THE TASK:
Go to the line that contains "Maison - 200 m² - 6 pièces" in the records below and repeat it, and each line after it, exactly through the end, omitting pictures.

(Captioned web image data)
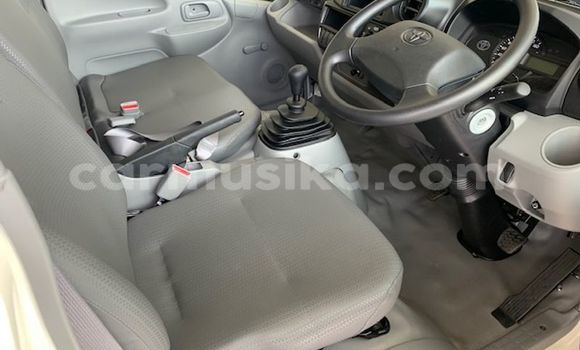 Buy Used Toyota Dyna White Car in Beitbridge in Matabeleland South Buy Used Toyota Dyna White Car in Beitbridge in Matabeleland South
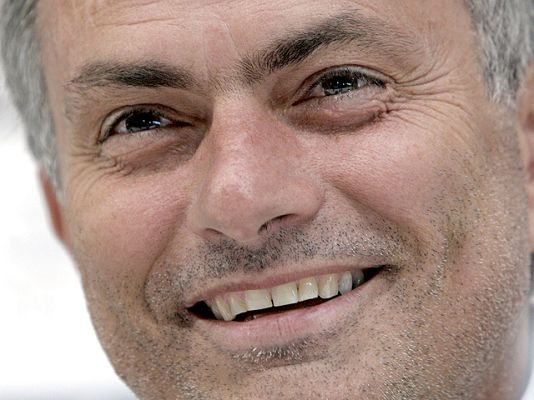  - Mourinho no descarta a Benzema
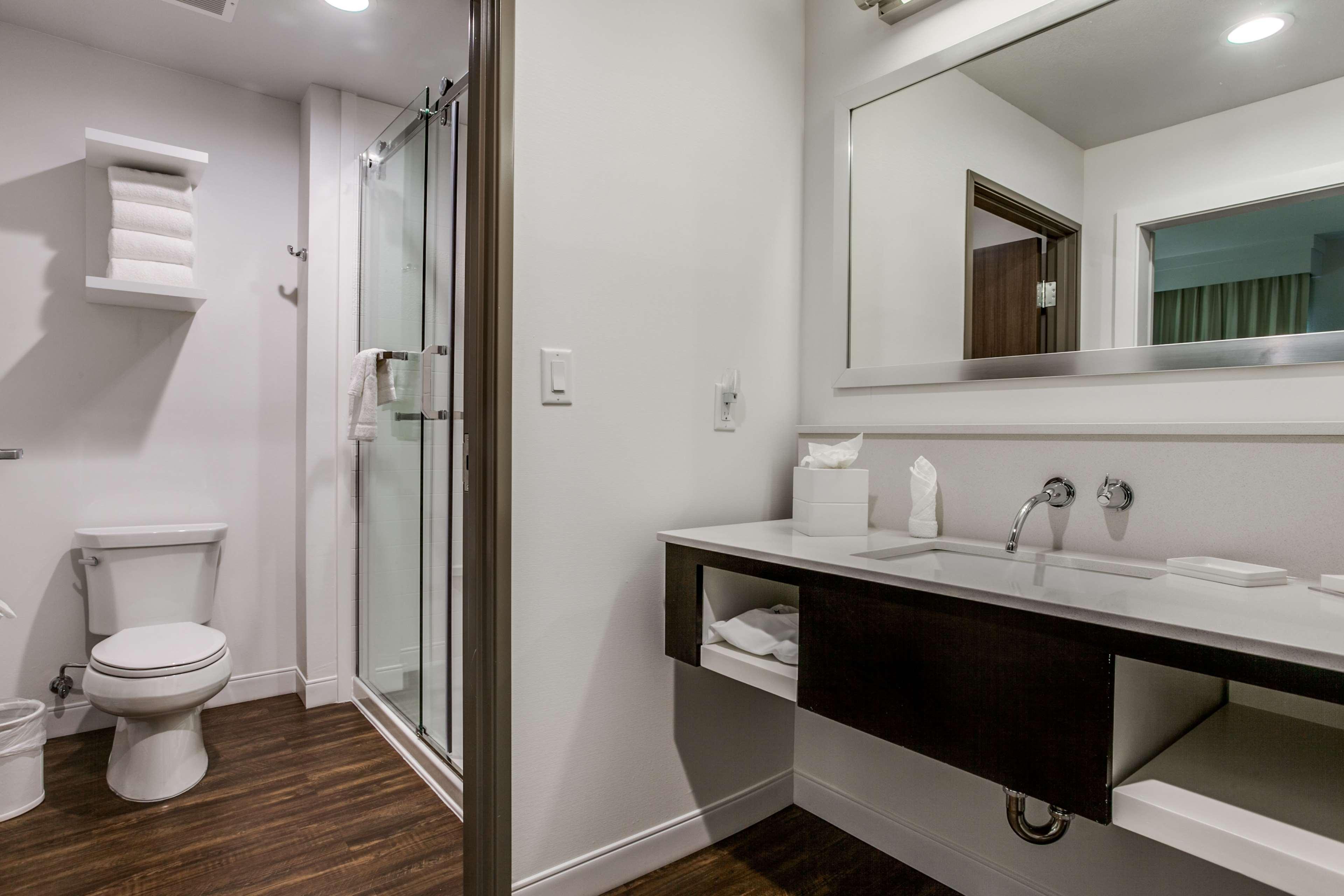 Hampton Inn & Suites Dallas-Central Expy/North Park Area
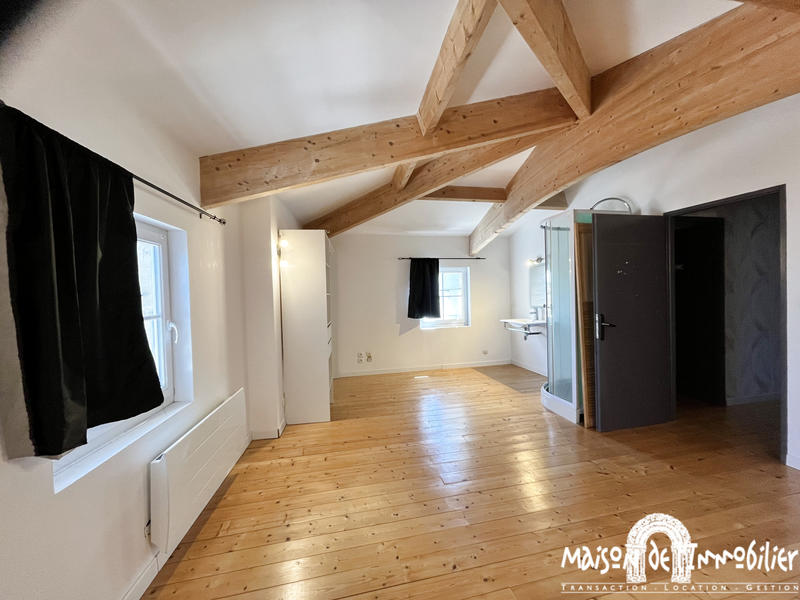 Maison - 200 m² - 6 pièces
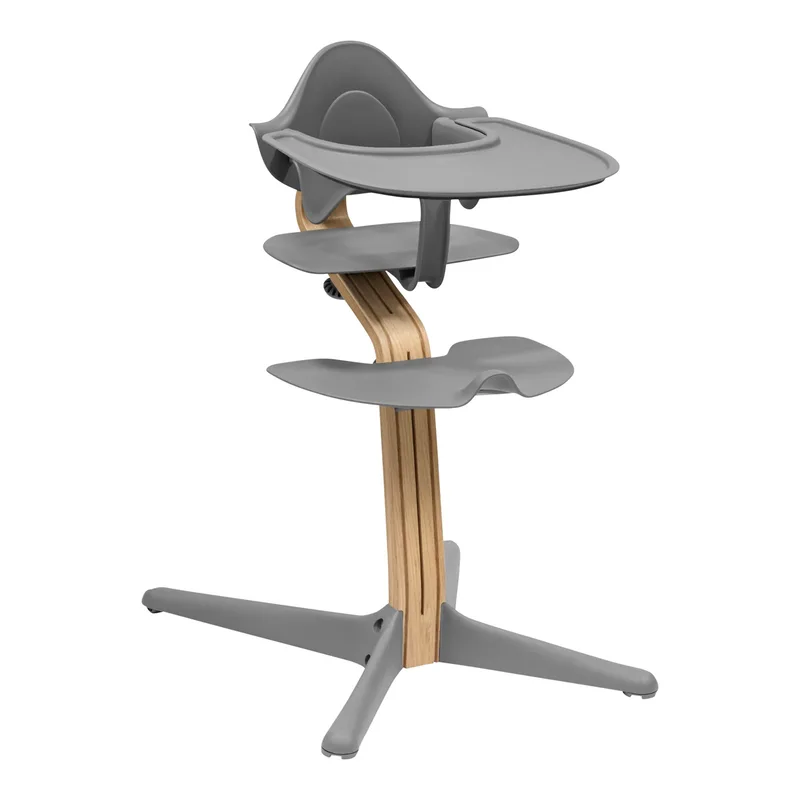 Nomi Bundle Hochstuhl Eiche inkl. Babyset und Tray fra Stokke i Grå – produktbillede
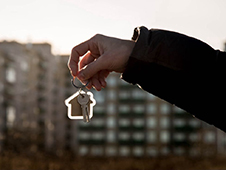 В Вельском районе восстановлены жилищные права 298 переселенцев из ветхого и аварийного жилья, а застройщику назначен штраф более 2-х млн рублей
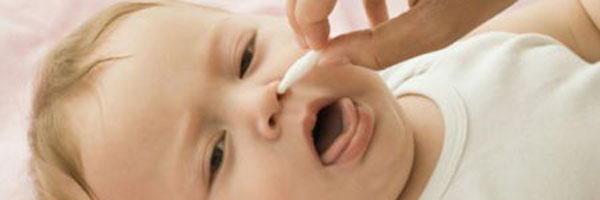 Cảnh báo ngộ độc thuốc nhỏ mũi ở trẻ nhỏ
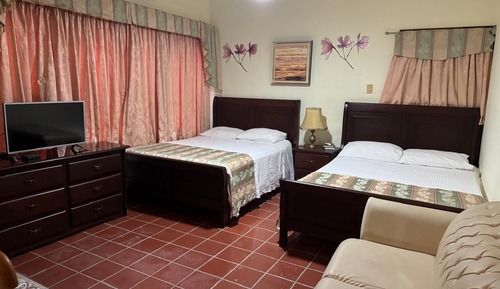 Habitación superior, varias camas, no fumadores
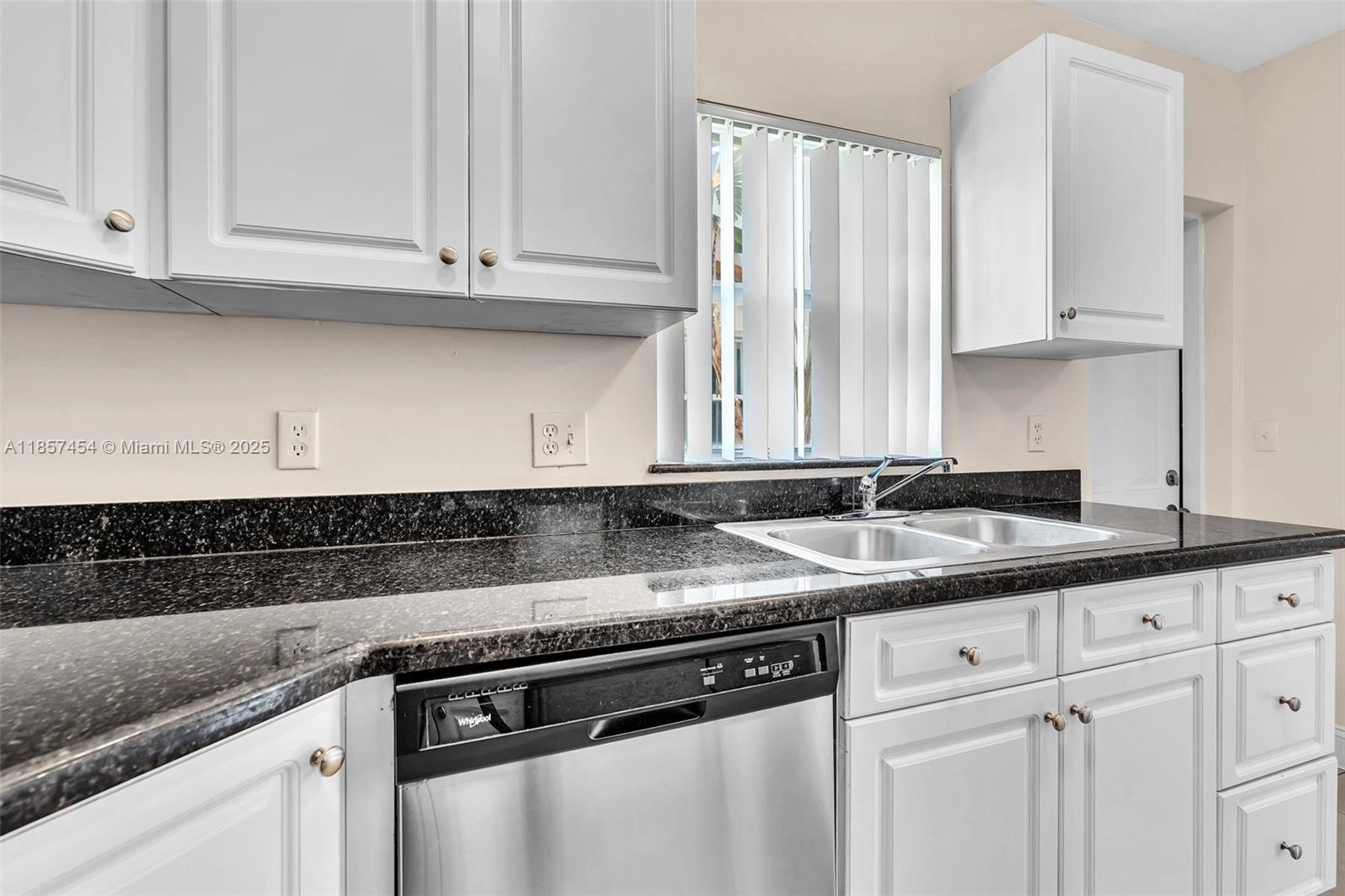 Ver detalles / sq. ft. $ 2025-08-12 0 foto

EXERCISE OUTPUT:
 Maison - 200 m² - 6 pièces
 Nomi Bundle Hochstuhl Eiche inkl. Babyset und Tray fra Stokke i Grå – produktbillede
 В Вельском районе восстановлены жилищные права 298 переселенцев из ветхого и аварийного жилья, а застройщику назначен штраф более 2-х млн рублей
 Cảnh báo ngộ độc thuốc nhỏ mũi ở trẻ nhỏ
 Habitación superior, varias camas, no fumadores
 Ver detalles / sq. ft. $ 2025-08-12 0 foto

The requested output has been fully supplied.